Neat new features include the Magic Eraser, which makes it easy to remove distractions from the background, such as photobombers or trash. Google itself actually provides suggestions for what you might want to remove, or you can manually select those distractions.

There’s also a new Motion Mode, which basically lets you take an action photo with a slow shutter speed while keeping your subject sharp. It also lets you take long exposure shots at night.

Similarly, Face Deblur helps sharpen a subject’s face in a blurry photo by combining content from the ultrawide camera. The two cameras run in parallel, but the ultrawide runs at a faster shutter speed to keep subjects sharp. Google then uses that information to sharpen the face of the subject, even if other parts of the image are in motion.

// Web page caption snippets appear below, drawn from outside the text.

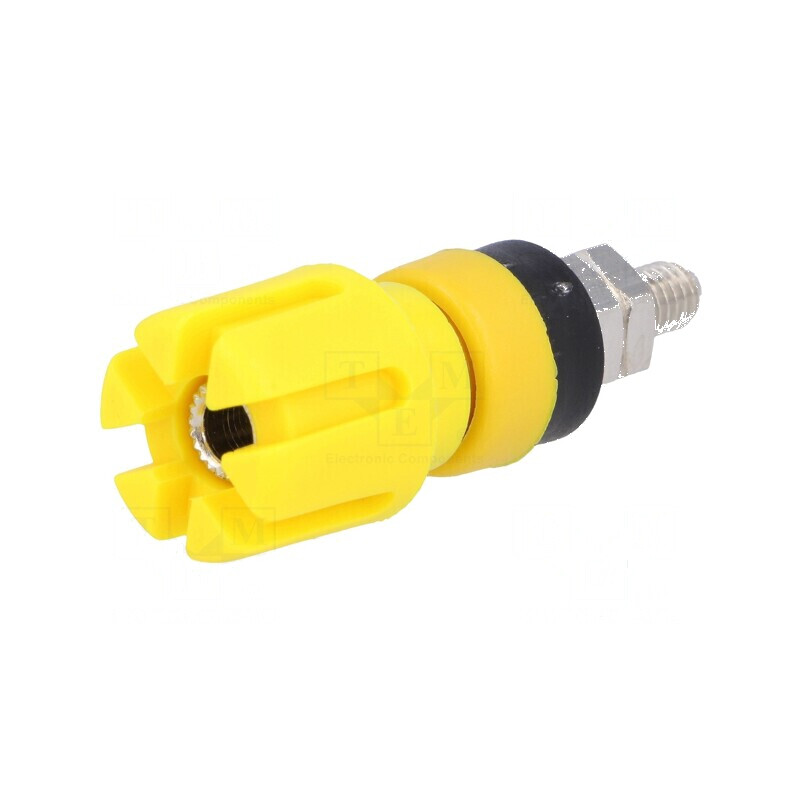 Conector banana 4mm soclu 30A 60VDC galben nichelat 48mm | Electronic-mag.ro | Componente Electronice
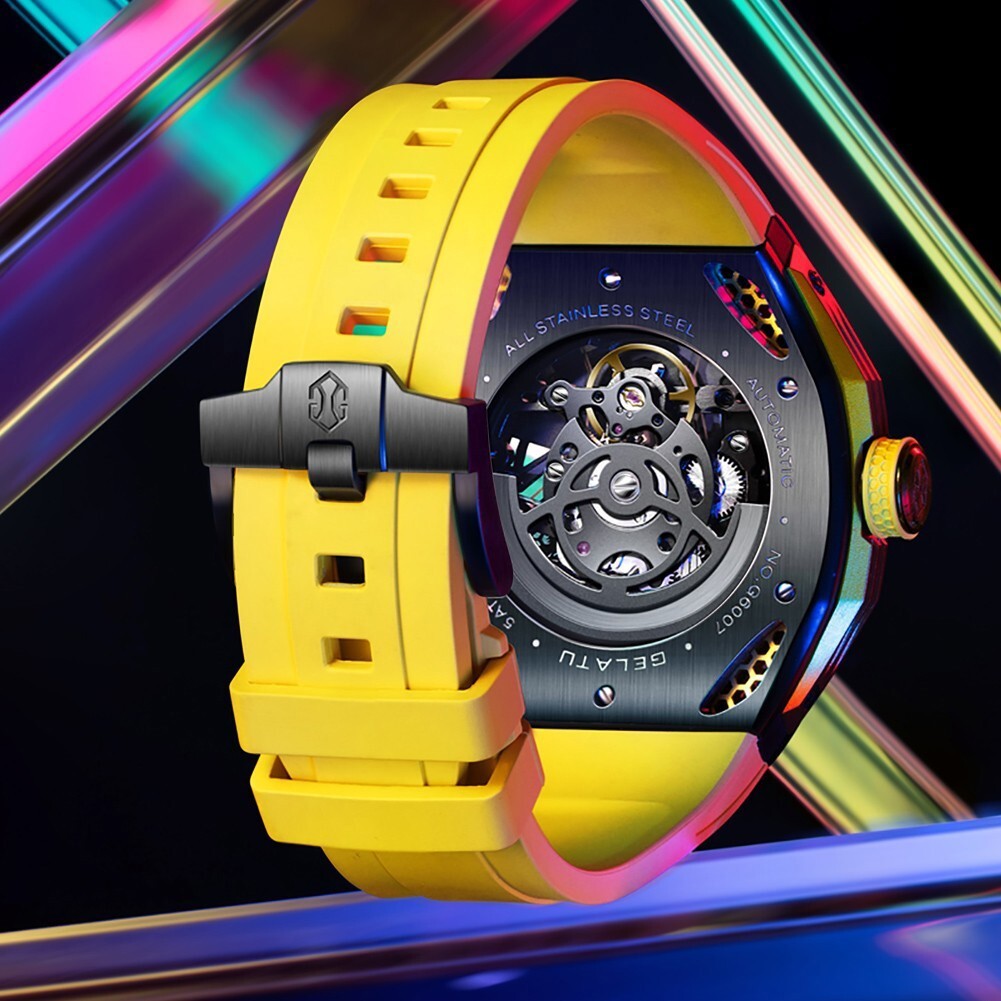 GELATU Men’s Skeleton Sport Automatic Mechanical Watch 5ATM Luminous Wristwatch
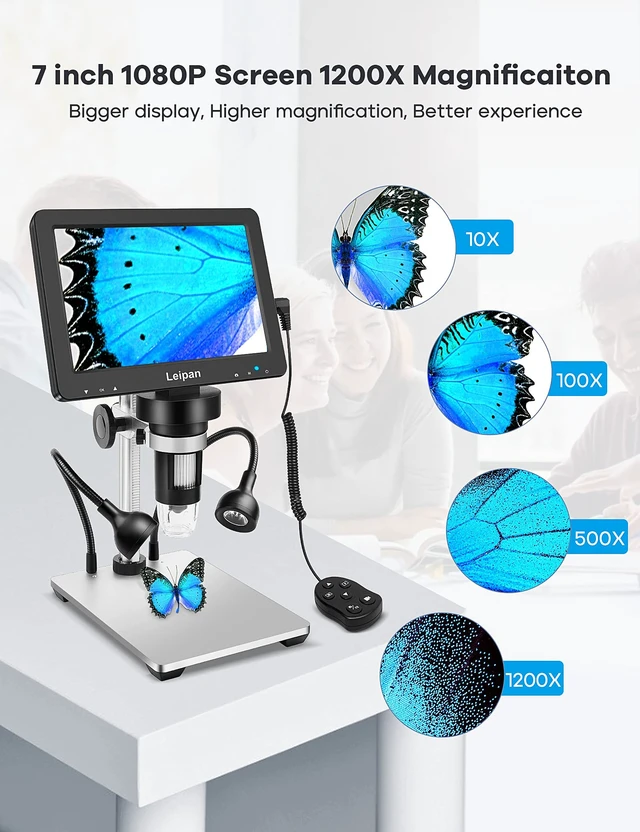 Alt view image 2 of 7 - 7" LCD Digital Microscope 1200X,12MP Coin Microscope with Screen 1080P Coin Magnifier with 12pcs Slides,Wired Remote,2 Side Lights,Windows/Mac OS Compatible
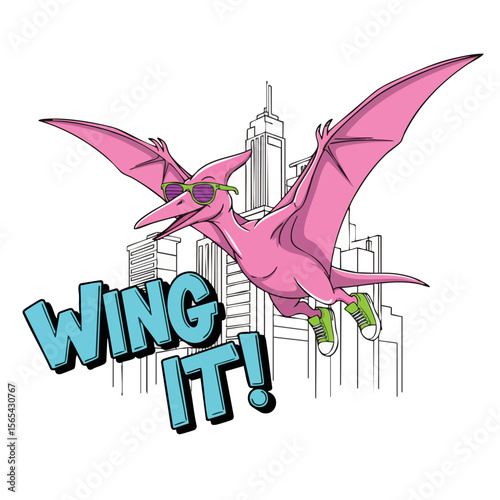 Cartoon Pink Pterodactyl with Sunglasses Flying over City Illustration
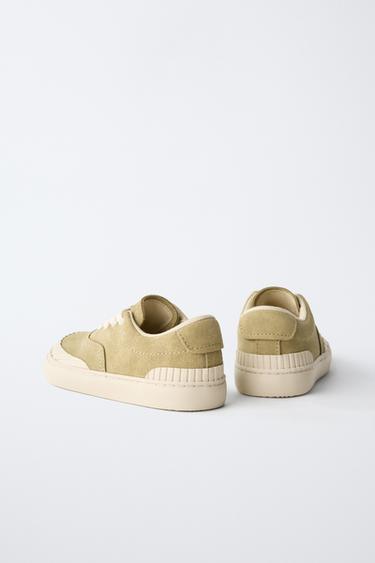 TENNIS OU BASKET EN CUIR - Vert kaki de Zara - Image 6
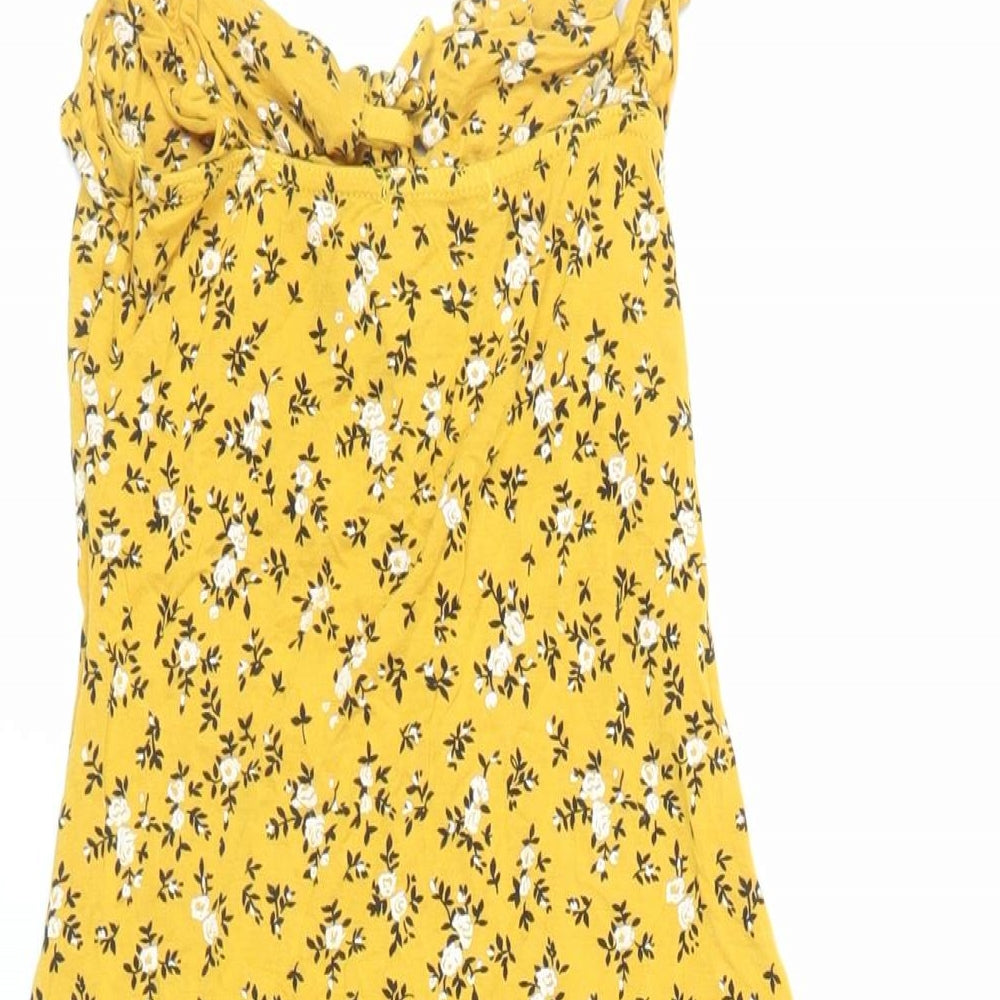 PRETTYLITTLETHING Womens Yellow Floral Viscose Mini Size 8 Round Neck Pullover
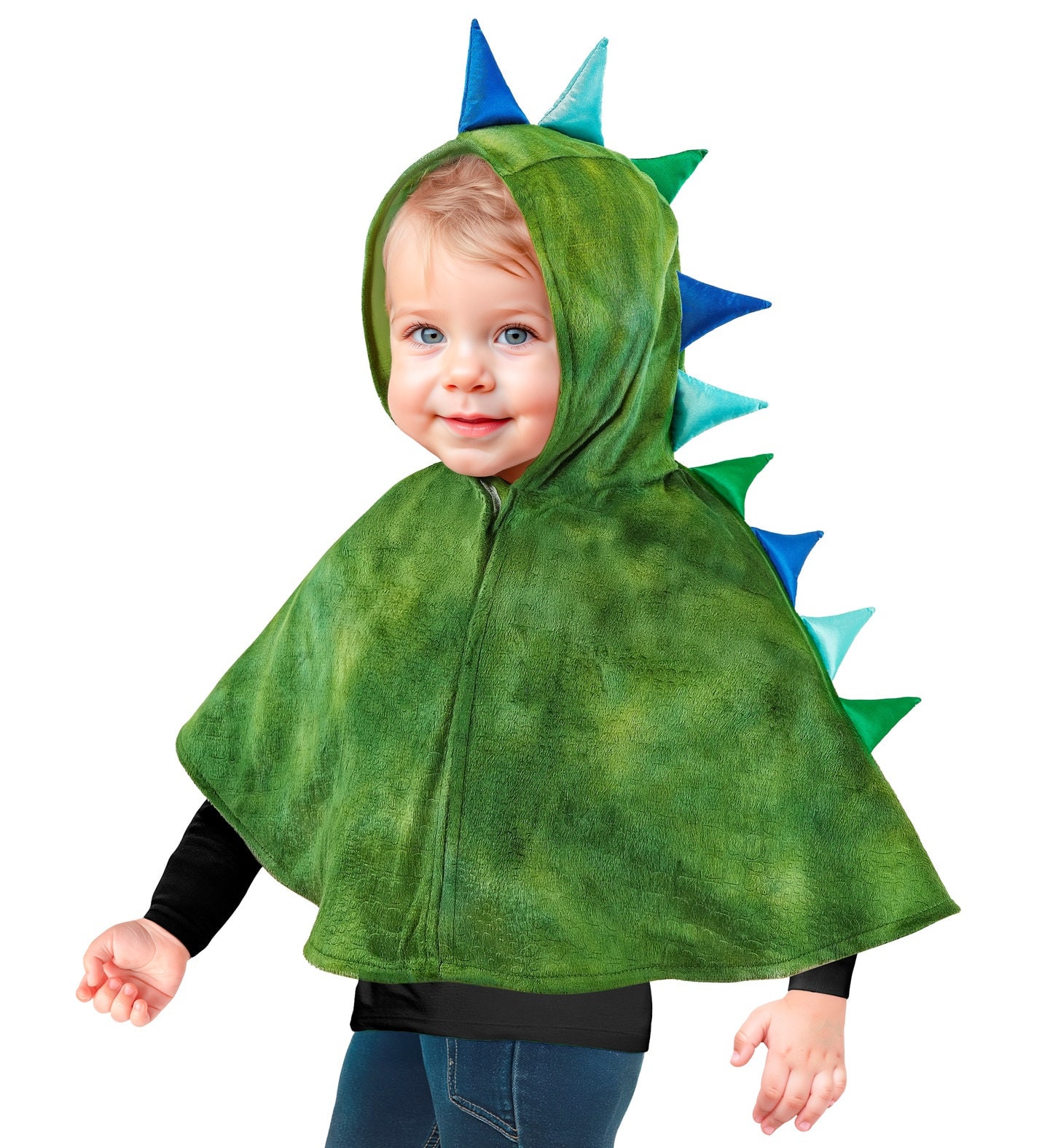 Groene Pluche Dino Pocho Cape met Capuchon Kind 98 cm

Meanwhile, Real Tone is what Google is calling a feature that helps capture more accurate skin tones — especially for people of color. While I’m not sure that needed to be marketed as a separate feature, it’s nonetheless one of the improvements I’m most excited about.

As a person of color who has also worked as a professional photographer, one of my biggest frustrations is how cameras tend to struggle at handling non-white skin tones, because cameras have been designed for white skin for decades. The Pixel phones have been among the best I’ve found in smartphones, but still not quite there.

Google says it worked with top photographers of color in order to improve the training datasets for the Pixel 6, creating a pool of images that was “25 times more diverse.” Google claims the Pixel 6 was able to outperform the competition in blind tests about the accuracy of skin tones. The proof is in the pudding, of course.

Live translation on the Pixel 6

Camera features aside, Google has made a number of other improvements:

  • Live translate lets you immediately translate your speech and text, with processing happening right on your phone. You can watch YouTube videos in your native language, for instance, or use voice to reply to messages in another language.
  • Before calling a toll-free business number, Google will show you the busiest hours with the longest wait times. Google can also interpret the automated menu options and allow you to simply tap on your screen for each option.
  • You can now perform certain tasks via voice without saying ‘Hey Google,’ such as answering or rejecting a call or snoozing alarms.

The Pixel 6 and Pixel 6 Pro are available to pre-order today starting at $599 and $899, respectively. The phones will be available in stores starting October 28. Google is also offering hardware updates every two years as part of its new $55/mo Pixel Pass, which also includes Google One, YouTube Premium, Google Play Pass, and the Preferred Care repair plan.

The competitive pricing, coupled with the new camera tricks and powerful hardware, make these the most exciting Pixel phones since the original.